I'm sure that the research that shows married people having a better chance of surviving cancer did not include a marriage frought with abuse. Don't feel obligated to stay with him and "help" him when he is abusing you. No way! I'm so sorry this is happening to you and your children. You must get away and keep them and yourself safe first. He is obviously suffering from steroid rage and cannot think right. He hopefully will recover one day and come back sincerely apologizing. Unfortunately, I would never be able to forget that he was capable of strangling me!

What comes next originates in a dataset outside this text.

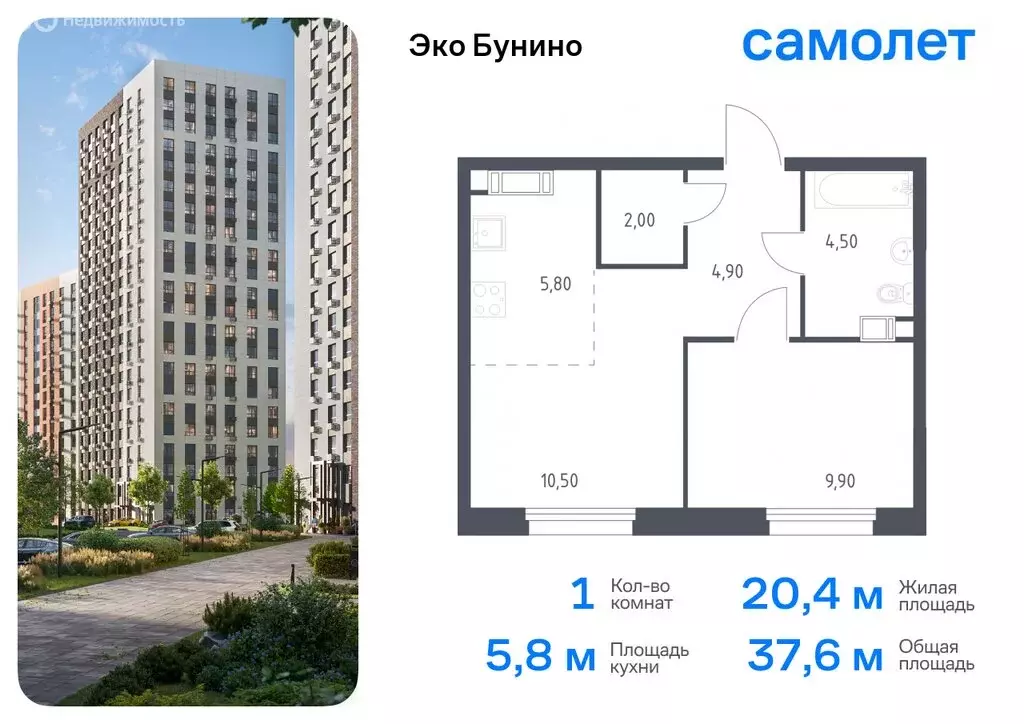 2-комнатная квартира: деревня Столбово, ЖК Эко Бунино, 14.1 (49.83 м) - Фото 0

So sad.

I pray that you and your children can get a stable situation to live in and that things get much better for you.

plsletitrain
Posts: 253
Joined: Jul 2017

I'm sorry this has taken a drastic turn.  I just hope he gets back to his senses and realize that it won't do good to anyone, you, the kids, and most especially him for a divorce at this time.  Just wanted to share my story: I myself was almost left by my husband for two times already.  I don't want to blame it on the cancer because couples that don't have cancer also fight.  But I was enlightened by an advice from my family: this is NOT the best time to be separated.  I have cancer, we have small kids...the stress that the separation will cause will just augment whatever suffering I was feeling.  I was adviced to let down of my pride, I accepted that I was wrong and asked forgiveness from my husband and to be honest, I can't imagine today without him.  He has been my rock, my nurse, my punching bag...everything.  I regret that I ever wanted him out of my life.  I hope one day your husband gets to realize this.